| Task |
Nothing outside the range is to be copied. From the entries below, reproduce exactly the lines starting at the one with "Retest with a" and ending at the one with "I weighed myself", without pictures.

| The records |
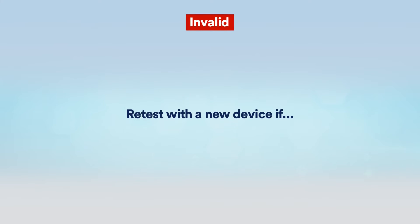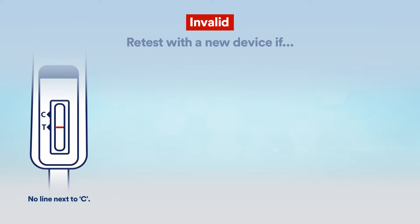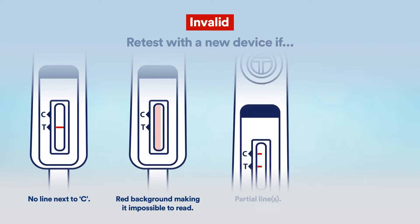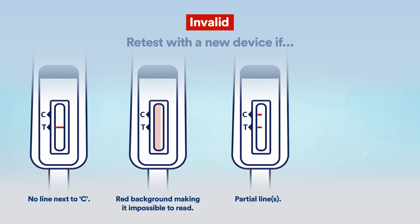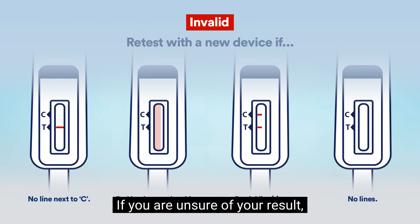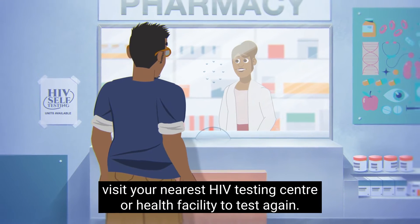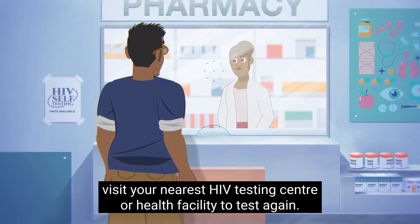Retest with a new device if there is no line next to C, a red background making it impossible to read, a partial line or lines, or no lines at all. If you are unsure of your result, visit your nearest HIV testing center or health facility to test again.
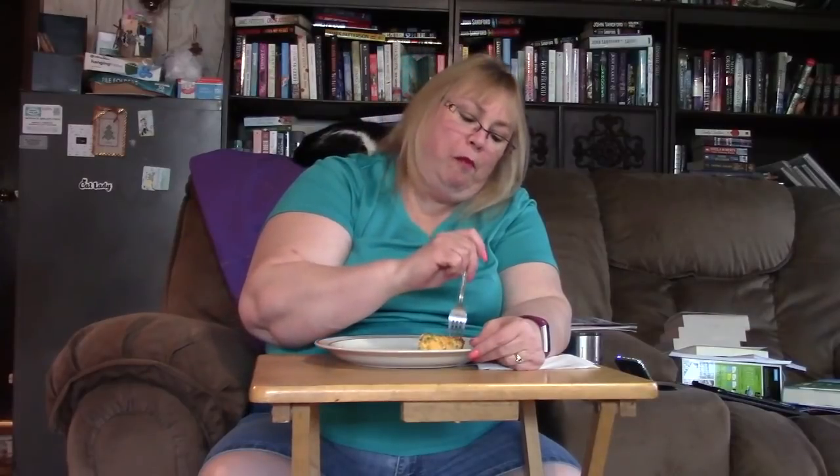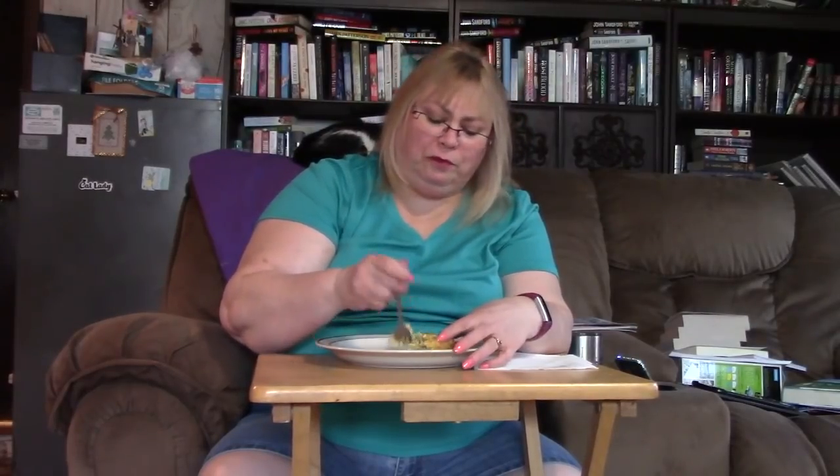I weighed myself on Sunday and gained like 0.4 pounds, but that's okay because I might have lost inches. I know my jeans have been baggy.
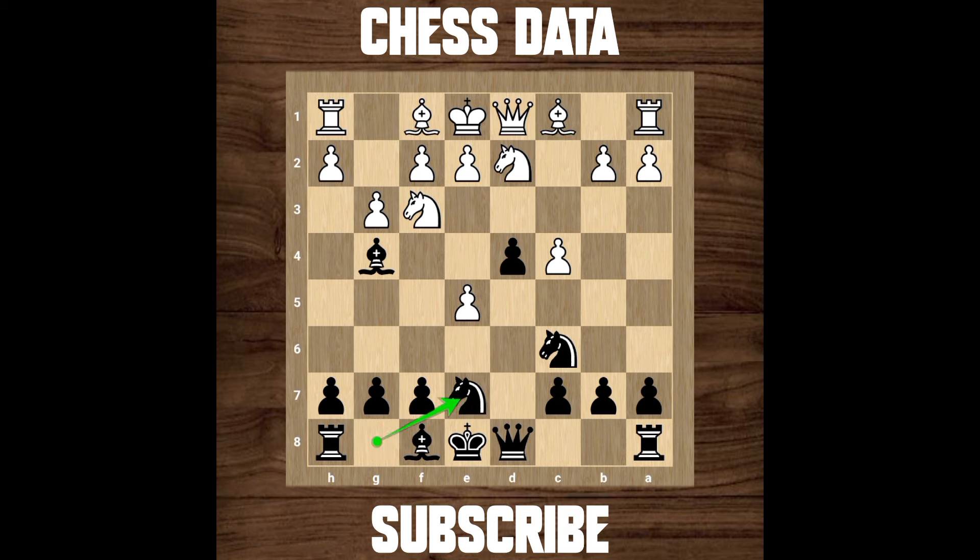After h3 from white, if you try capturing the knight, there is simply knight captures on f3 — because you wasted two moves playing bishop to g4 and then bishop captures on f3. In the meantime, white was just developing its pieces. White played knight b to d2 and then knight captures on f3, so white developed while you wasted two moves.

--

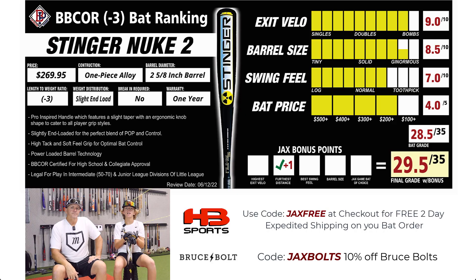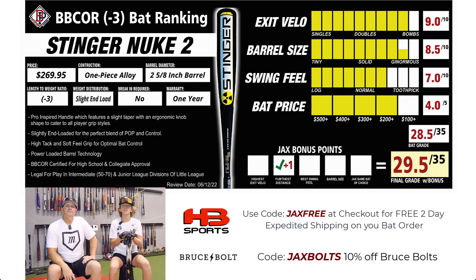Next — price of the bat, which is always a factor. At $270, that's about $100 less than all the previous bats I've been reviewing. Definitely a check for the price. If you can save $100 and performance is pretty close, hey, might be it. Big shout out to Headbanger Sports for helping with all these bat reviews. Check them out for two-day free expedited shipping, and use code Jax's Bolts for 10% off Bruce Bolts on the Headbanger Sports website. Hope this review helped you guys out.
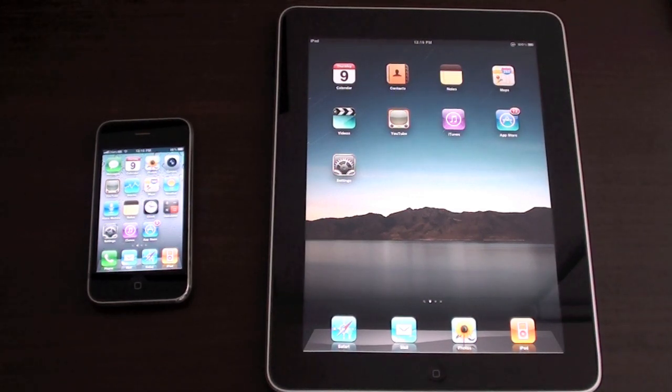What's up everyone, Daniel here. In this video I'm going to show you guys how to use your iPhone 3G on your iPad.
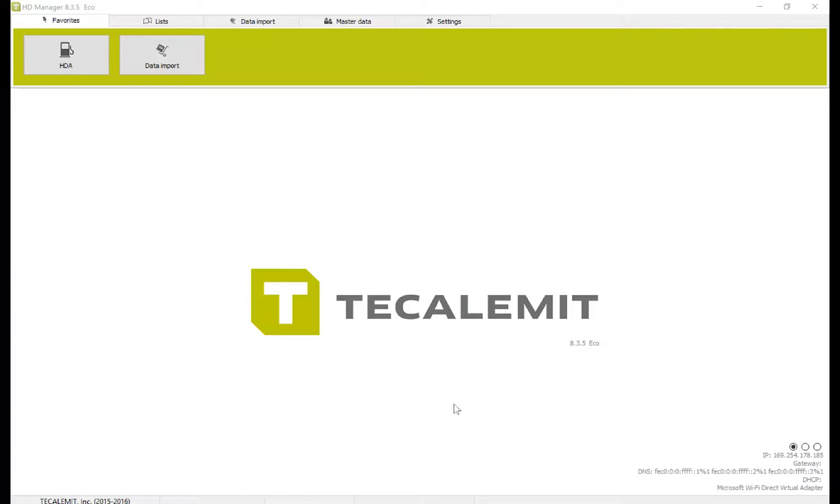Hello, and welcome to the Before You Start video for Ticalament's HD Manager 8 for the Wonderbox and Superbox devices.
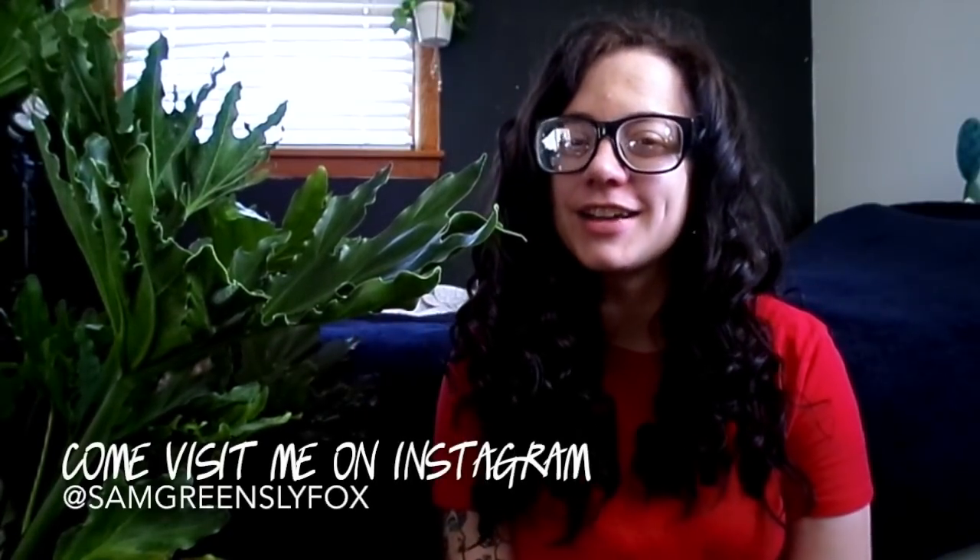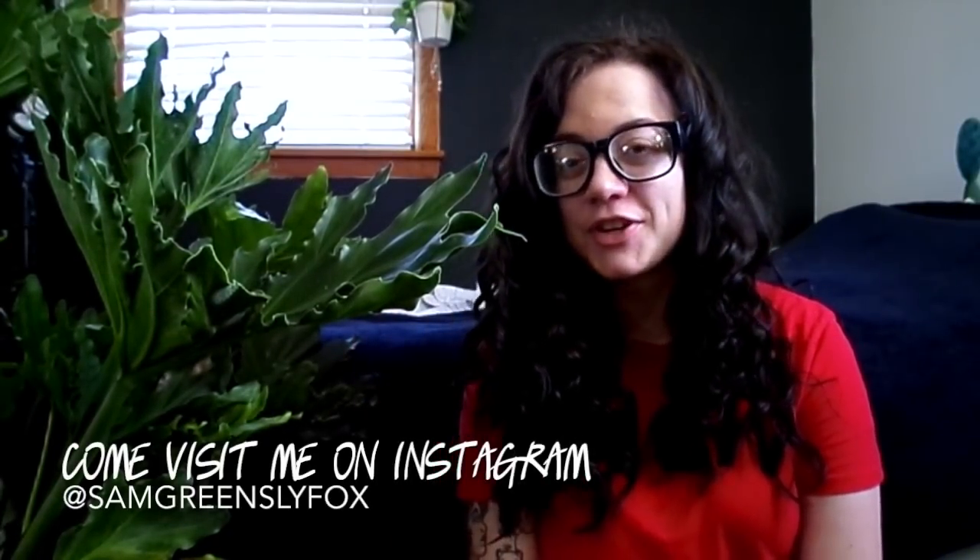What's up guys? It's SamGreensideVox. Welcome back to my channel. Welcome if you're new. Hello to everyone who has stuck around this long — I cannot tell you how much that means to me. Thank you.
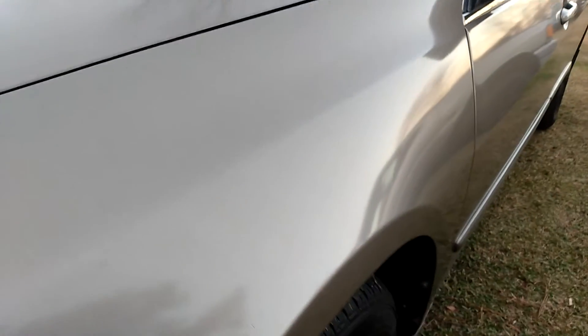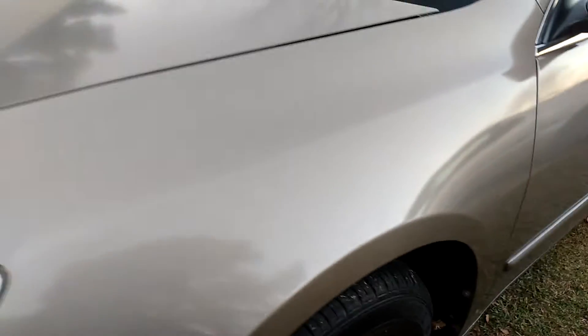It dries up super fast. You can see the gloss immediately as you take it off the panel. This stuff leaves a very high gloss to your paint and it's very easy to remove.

| Task response |
Retest with a new device if there is no line next to C, a red background making it impossible to read, a partial line or lines, or no lines at all. If you are unsure of your result, visit your nearest HIV testing center or health facility to test again.
I weighed myself on Sunday and gained like 0.4 pounds, but that's okay because I might have lost inches. I know my jeans have been baggy.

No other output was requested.